Yes, per the documentation for the module, the functions return iterators.


RE: itertools and amazing speed - deanhystad - Nov-07-2022

perm_set is a permutations object, a generator like object that creates results on demand. To see how long this takes you could ask for a list. I doubt you have enough memory.
perm_set = list(itertools.permutations(images,9))
That an itertools.permutations object is a generator is mentioned in the documentation when they say permutations is "roughly equivalent to"
def permutations(iterable, r=None):
    # permutations('ABCD', 2) --> AB AC AD BA BC BD CA CB CD DA DB DC
    # permutations(range(3)) --> 012 021 102 120 201 210
    pool = tuple(iterable)
    n = len(pool)
    r = n if r is None else r
    if r > n:
        return
    indices = list(range(n))
    cycles = list(range(n, n-r, -1))
    yield tuple(pool[i] for i in indices[:r])  # <------ The first tuple.
    while n:
        for i in reversed(range(r)):
            cycles[i] -= 1
            if cycles[i] == 0:
                indices[i:] = indices[i+1:] + indices[i:i+1]
                cycles[i] = n - i
            else:
                j = cycles[i]
                indices[i], indices[-j] = indices[-j], indices[i]
                yield tuple(pool[i] for i in indices[:r])   # <------ More tuples
                break
        else:
            return



RE: itertools and amazing speed - Pedroski55 - Nov-07-2022

Thanks!

I didn't try to make a list of itertools.permutations(images,9), but I did run:

for i in perm_set:
    print(i)
After I'd had breakfast it still hadn't finished, so I did ctrl + c. I hadn't looked at how many permutations 9 from 24 gives!

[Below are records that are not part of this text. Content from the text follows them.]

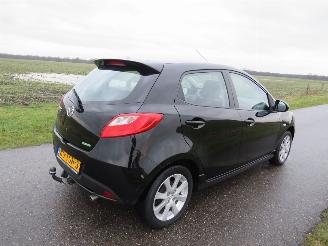 Mazda 2 1.3 84pk  GT M Line LPG G3 170.000 km picture 1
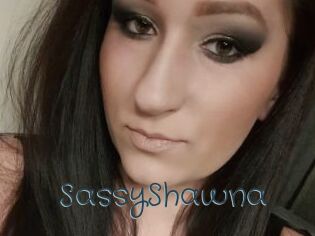 SassyShawna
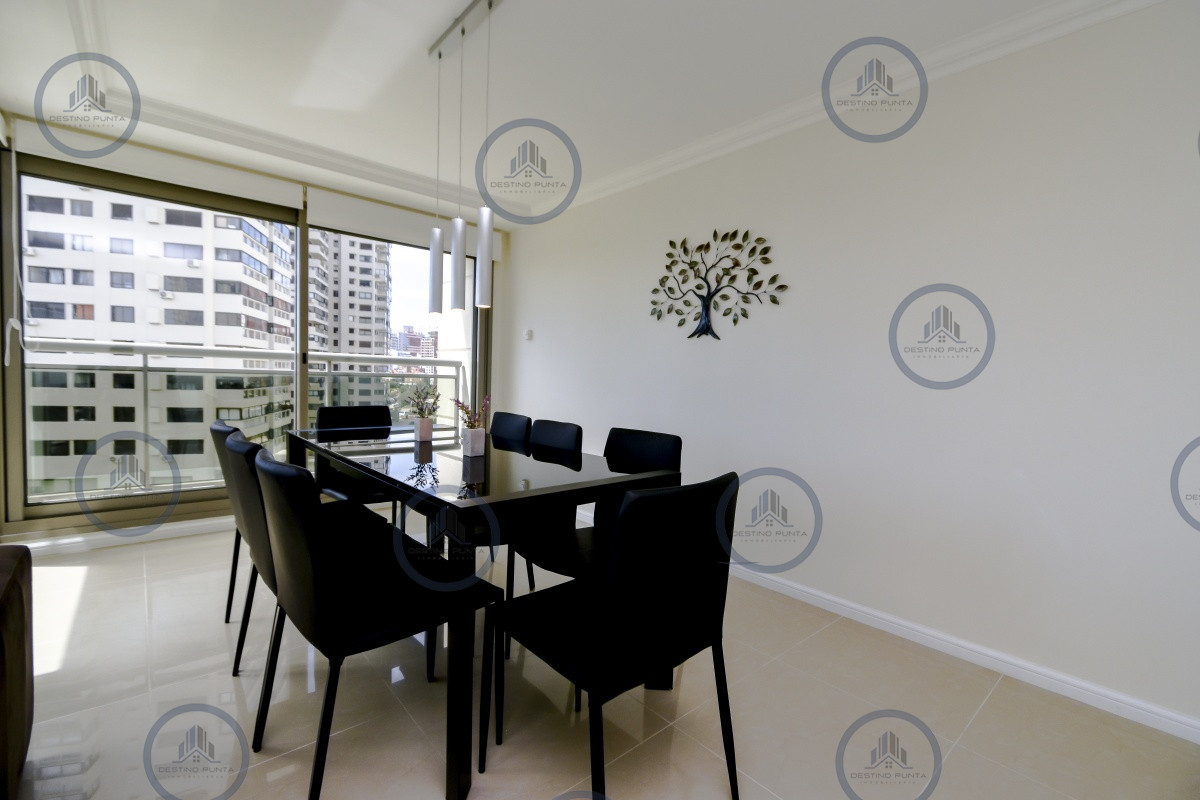Apartamento ID.246 - Apartamento de 2 Dormitorios en Imperiale - Venta y Alquiler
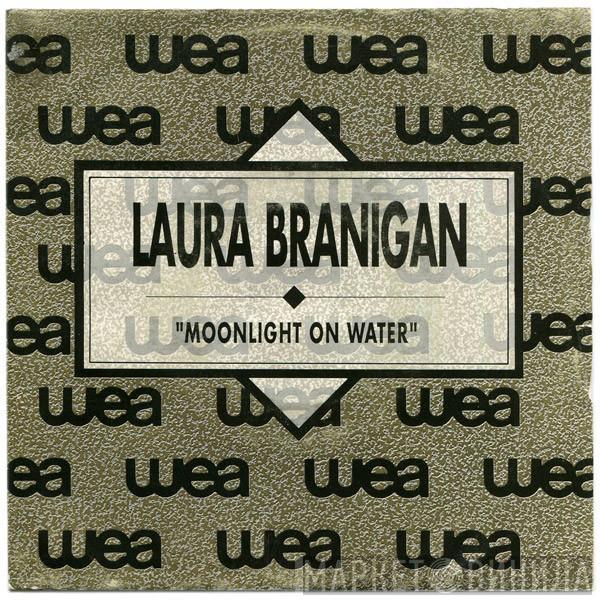 Laura Branigan - Moonlight On Water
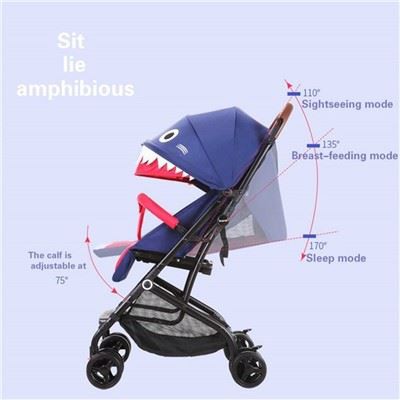 Поцкет Строллер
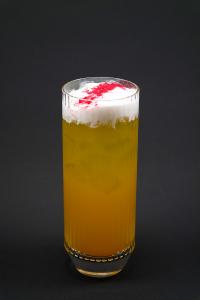 Hot OSCAR Cocktails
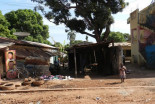 Tabor v Gambiji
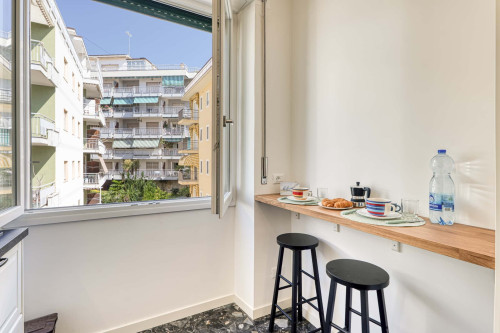 Casa Irene Sanremo Centro Casino & Beach, AC - Gallery - 23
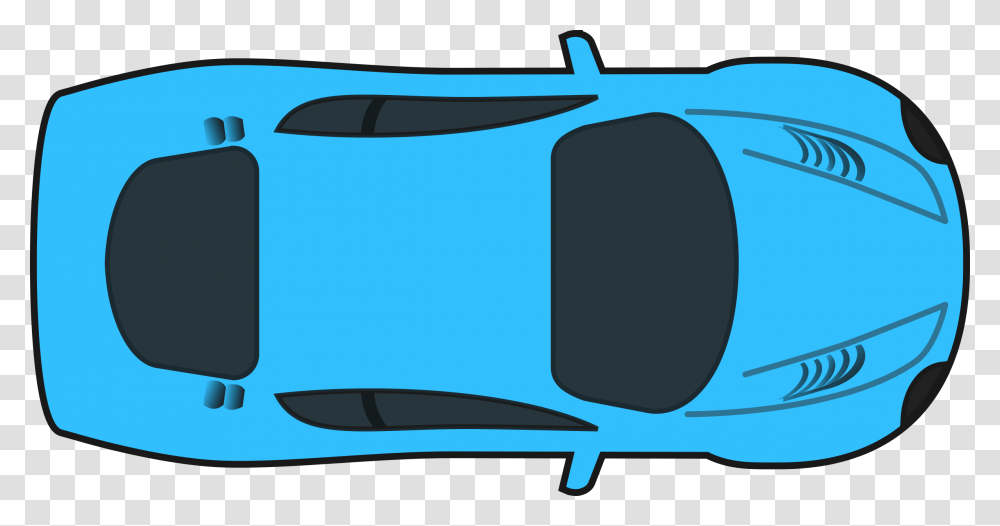 Blue Racing Car, Pillow, Cushion, Bag, Outdoors Transparent Png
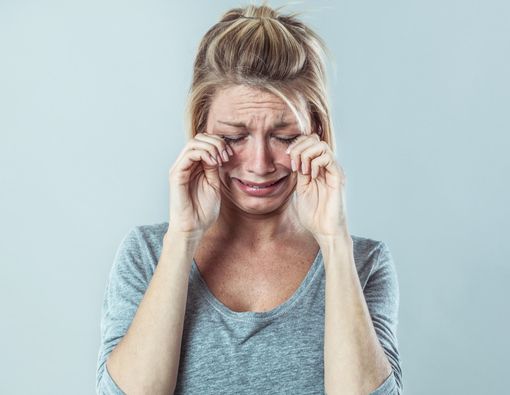 Benarkah Patah Hati Bisa Picu Kanker?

So how much memory will an iterator or generator object like that occupy, can you give an indication?

@dean Thanks for the function. It will take me a while to digest!


RE: itertools and amazing speed - bowlofred - Nov-08-2022

(Nov-07-2022, 11:07 PM)Pedroski55 Wrote: So how much memory will an iterator or generator object like that occupy, can you give an indication?

The generator is code. Each time it is called, it runs code to create the next item. So it only needs enough memory to maintain the state where it needs to pick up the next time.

Unless you're storing all the output somewhere, this doesn't create any memory pressure. Previously calculated items are discarded.

Attempting to store all the output items in a list or similar (like myperms = list(perm_set)) is going to take a huge amount of memory.


RE: itertools and amazing speed - Pedroski55 - Nov-10-2022

The number of permutations of 9 from 24 is enormous, but the number of combinations is much less. As a list, it is < 12MB.

com_set = itertools.combinations(images, 9)
# creates a list of tuples
mylist = list(com_set)
len(mylist) # 1307504
print(sys.getsizeof(mylist))
Output:
>>> type(com_set) <class 'itertools.combinations'> >>> print(sys.getsizeof(com_set)) 144 >>>
What I'm wondering is however:

Is there some way to interfere with the value of the next pointer in the class com_set?

Some way to pass it a random number as the stored value?


RE: itertools and amazing speed - Gribouillis - Nov-10-2022

(Nov-10-2022, 12:49 AM)Pedroski55 Wrote: Is there some way to interfere with the value of the next pointer in the class com_set?
This is a slightly different problem, but I implemented a Combinations class with random access, which allows to access directly the n-th element of the sequence, even with very large numbers. I wonder why this feature is not included in itertools.combinations()


RE: itertools and amazing speed - Pedroski55 - Nov-10-2022

Impressive!

Thanks a lot, hope you don't mind me copying it.

I can't say I understand it yet, but I'll look at it until I do!


RE: itertools and amazing speed - Gribouillis - Nov-11-2022

(Nov-10-2022, 11:15 PM)Pedroski55 Wrote: Thanks a lot, hope you don't mind me copying it.
I added the MIT License, so that you can freely copy it and modify it.